残雪の上を安全に歩く
夏山でも高山なら必須のテクニック 残雪の山での歩き方
アイゼンなしでの歩行
厳冬期は、雪が固くパックされたり氷化したりで滑りやすいため、アイゼンを履いて登ります。
いっぽう残雪期にはカチカチの雪面は減り、日差しのある日中には雪がやわらかくなってアイゼンの出番は減ります(ただし朝夕など冷え込むときや、標高の高い山では油断禁物)。
アイゼンは足に重りをつけているのと同じで筋疲労につながるので、スリップすると危険な箇所だけで使うようにしましょう。
登山靴で雪上を安全に歩くのは雪山歩行の基本。この基本をしっかりマスターしておきましょう。
ふだん歩いているような地面を蹴る歩き方だと、雪上では滑ってしまいます。ソール全体を雪面に一歩ずつフラットに置くような歩き方をするとよいでしょう。
トラバース(斜面を横切る)の際はソールの山側のエッジをきかせると滑りにくいので、急斜面では斜面に正対してつま先やかかとを蹴り込んで登り下りする「キックステップ」を使いましょう。ただし、不安を感じるなら、速やかにアイゼンを使用しましょう。

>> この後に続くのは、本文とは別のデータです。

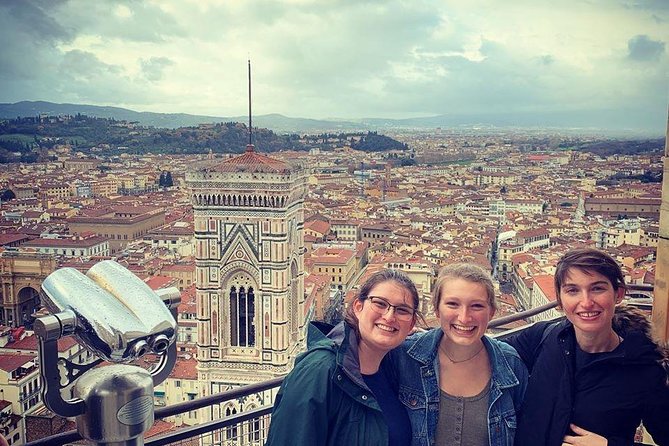 Skip the Line Florence Tour: Accademia, Duomo Climb and Cathedral - Booking Information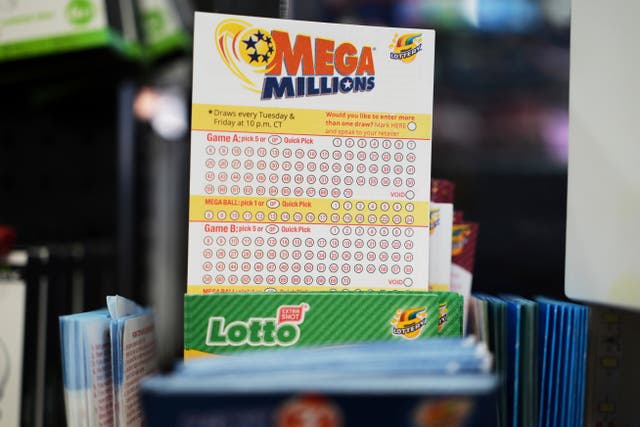 EEUU-LOTERÍA MEGA MILLIONS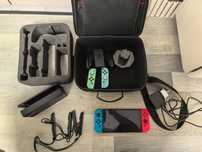 Nintendo Switch с играмы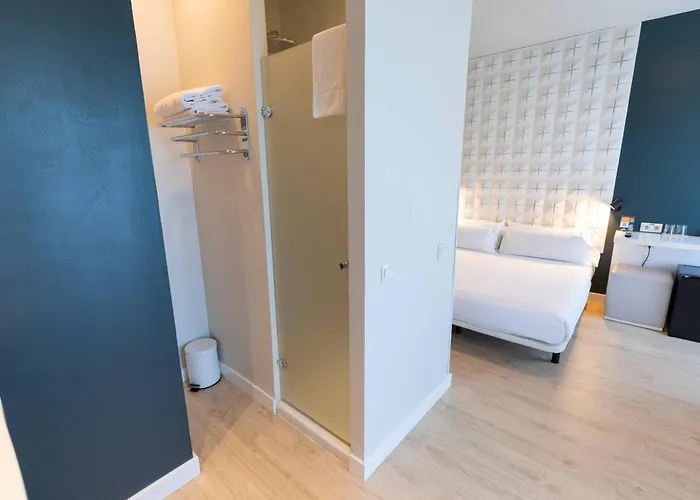 Hotel Urbansea Atocha 113 à Madrid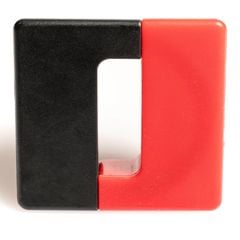 Nắp luồn dây điện hình vuông màu đen đỏ✔✔Đa dạng - Tiện dụng✔✔ PKNT-043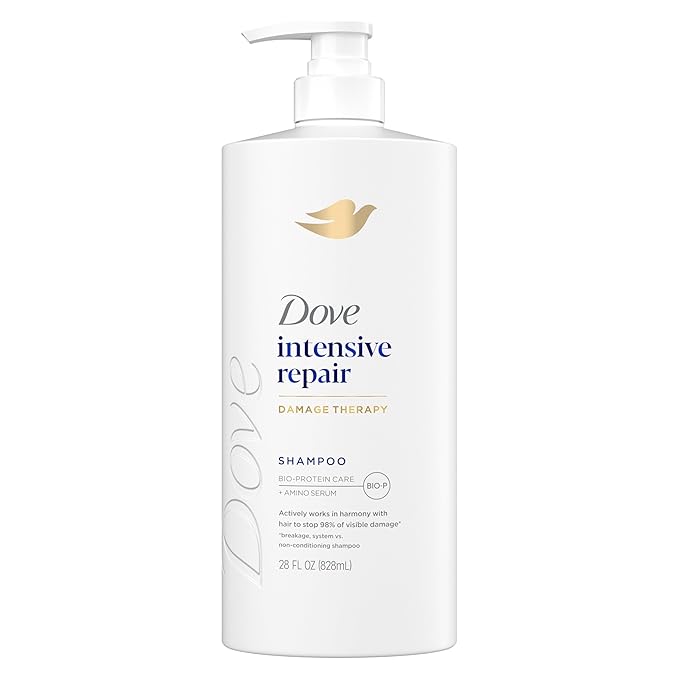 Dove Intensive Repair Shampoo for Damaged Hair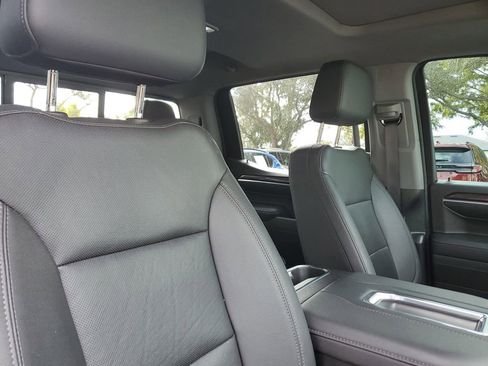 Certified 2022 Chevrolet Silverado 1500 LTZ image 21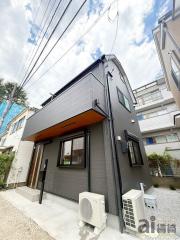 西武新宿線花小金井駅まで徒歩7分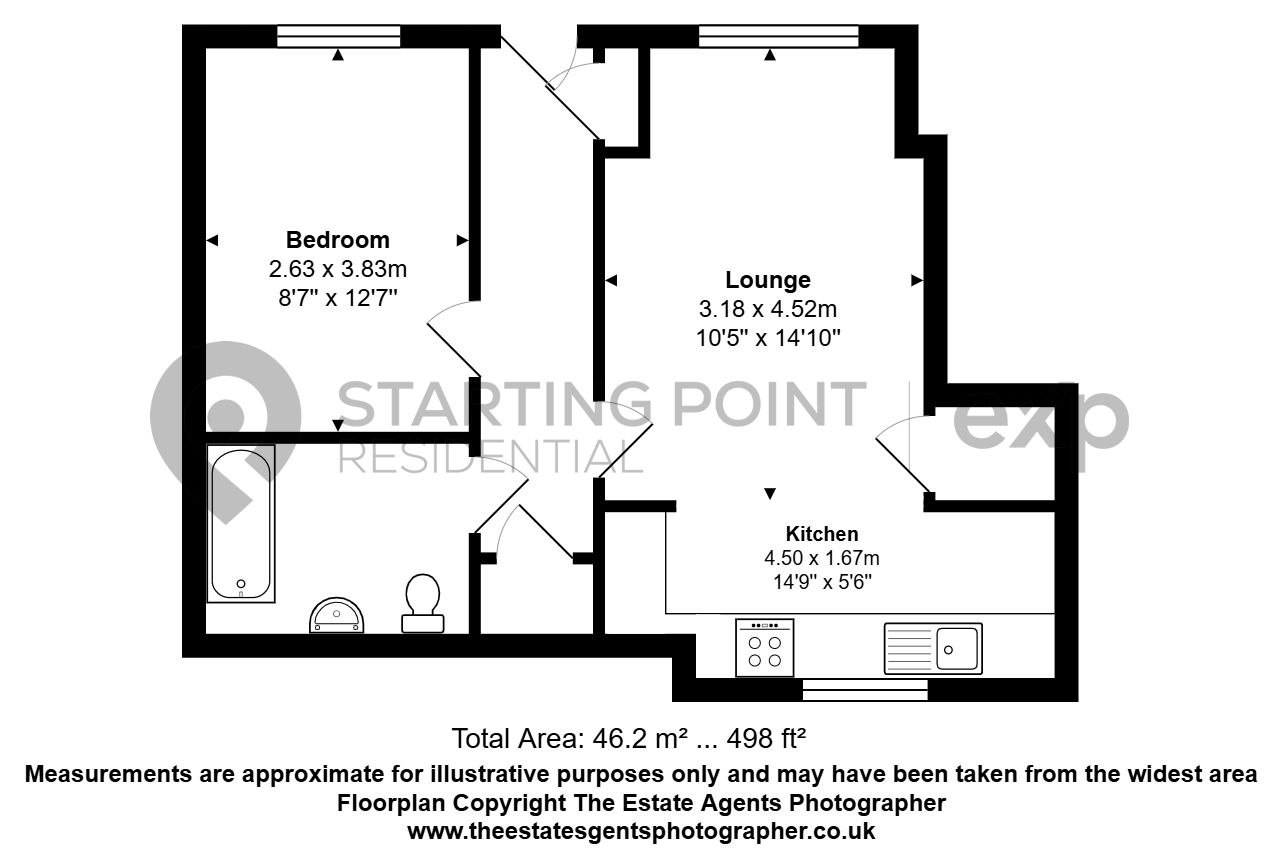 4, Reminder Close, Maldon floorplan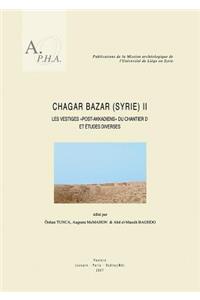 Chagar Bazar (Syrie) II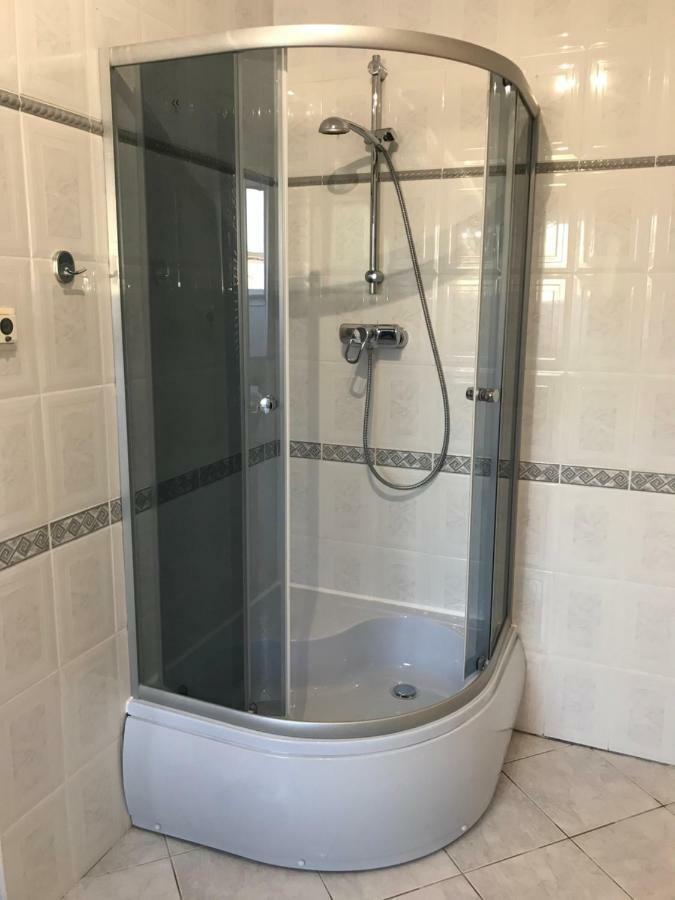 Апартаменты Apartament Jablonskiego Гданьск Экстерьер фото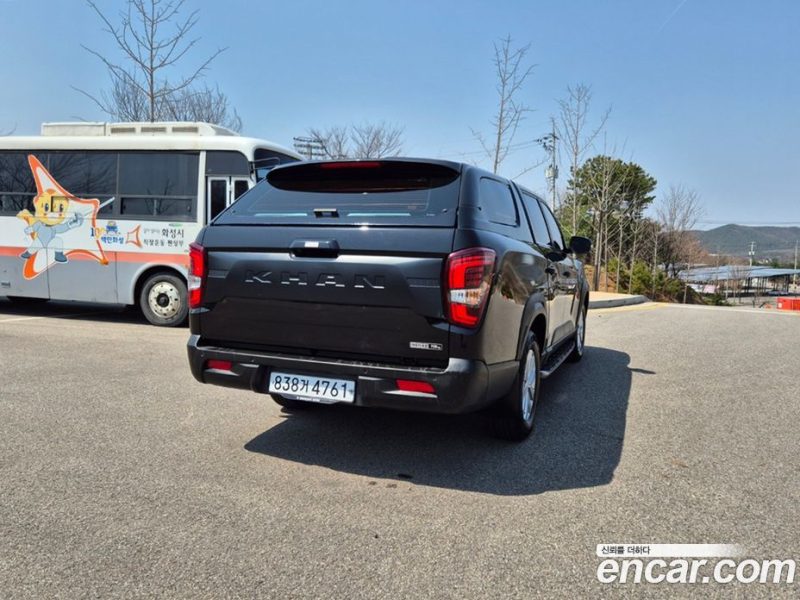 SsangYong Rexton Diesel 2.2 2WD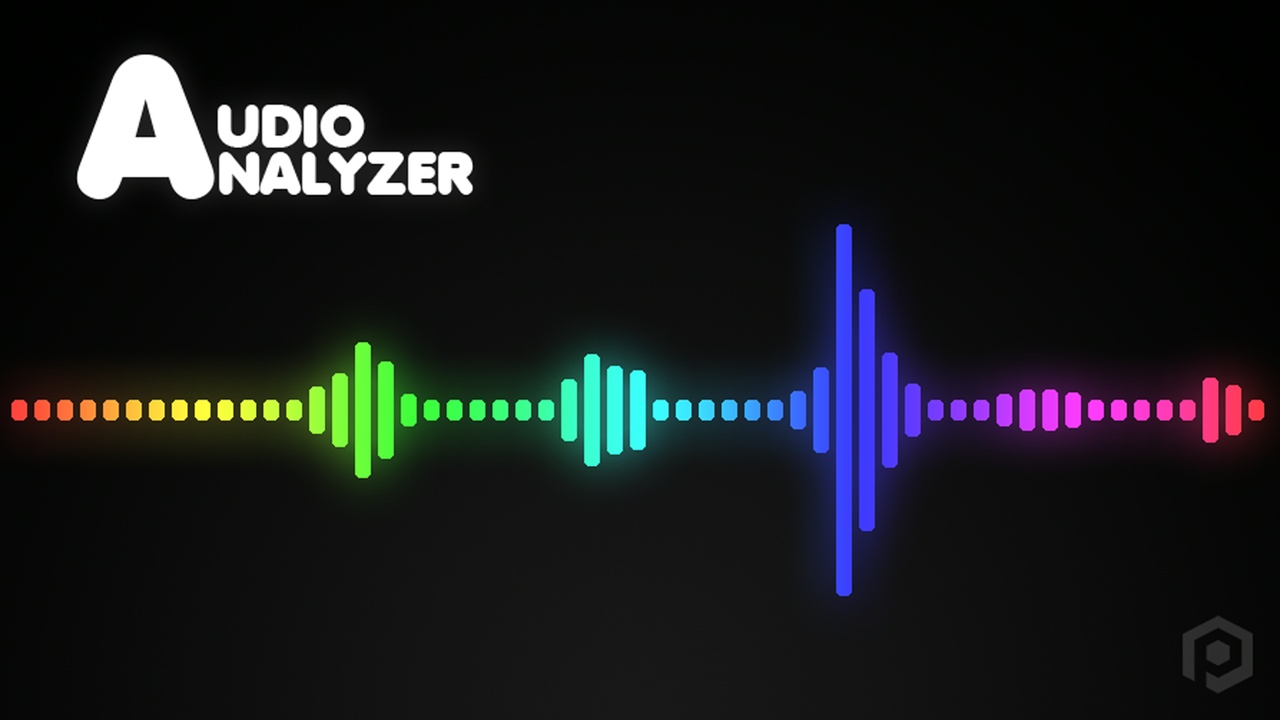 音频分析器 – Audio Analyzer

以下にアイゼンなしでの歩行のテクニックについて図解で紹介します。
◇フラットフッティング
摩擦が少ない雪面で滑らないように、接地時は雪面にソール全体がつくように足を下ろす。そして蹴り上げない。
◇トラバース
登山靴の山側エッジを雪面に食い込ませる。谷側の足はややガニ股にするとバランスをとりやすい。
◇キックステップ(登り)
ピッケルと片足で斜面に立ち、もう一方の足を、ひざを支点に後ろへ振り上げ、つま先を蹴り込む。
◇キックステップ(下り)
やや前のめりの体勢で、かかとを強く踏み下ろす。つま先が水平よりもやや上を向く角度でステップを作ること。